What Are the Procedures for Formation of LLP in India
Unlike a partnership firm an LLP is considered a legal entity separate from its partners. It can own, acquire or dispose of assets and also sue or be sued in its own name. Its continuity is independent of death or bankruptcy of its partners. There is a minimum requirement of two designated partners and at least one should be an Indian citizen.
The process of forming Limited Liability Partnership is now easier as compared to the erstwhile regime. The new procedure requires applicants to fill up a web form named RUN-LLP which is similar to the existing web form for filing company name reservation. The new form is simple which can be filled with up to 2 names in preference order along with their significance. The application must also comply with the guidelines set by the Ministry of Corporate Affairs.
After submitting the RUN-LLP form an approval notification is received from the State Registrar of Companies (RoC) within 30 days. The RoC can direct the LLP to change its name if it is identical or too nearly resembles the name of any other LLP or Company; or it is similar to or infringes any registered trade mark of a proprietor.

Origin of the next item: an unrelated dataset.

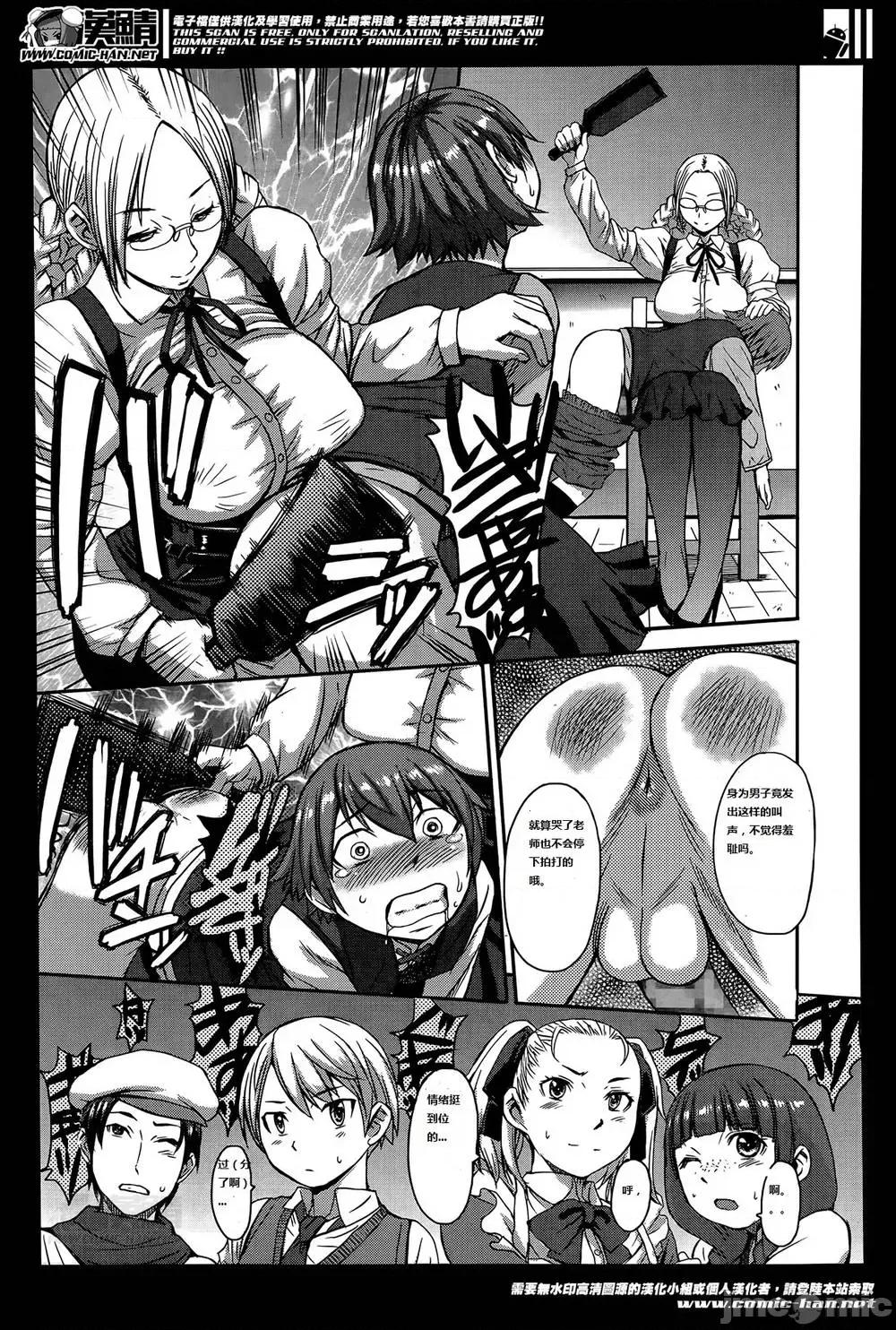 支配されてみる？ (汉化拼接版) [ 黒龙眼] (单行本) 支配されてみる？ 第141页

Upon obtaining the approval of the ROC an e-form is filed in the MCA portal and DIN (Designated Partner Identification Number) is allotted to the Designated Partners. A class 2 or class 3 Digital Signature Certificate (DSC) must be procured for all the designated partners as well as the proposed LLP. The LLP Agreement which is the key document that governs all rights and duties of the designated partners must be filed online in form 3 at the MCA portal. Stamp duty is levied on this document and is different for every state.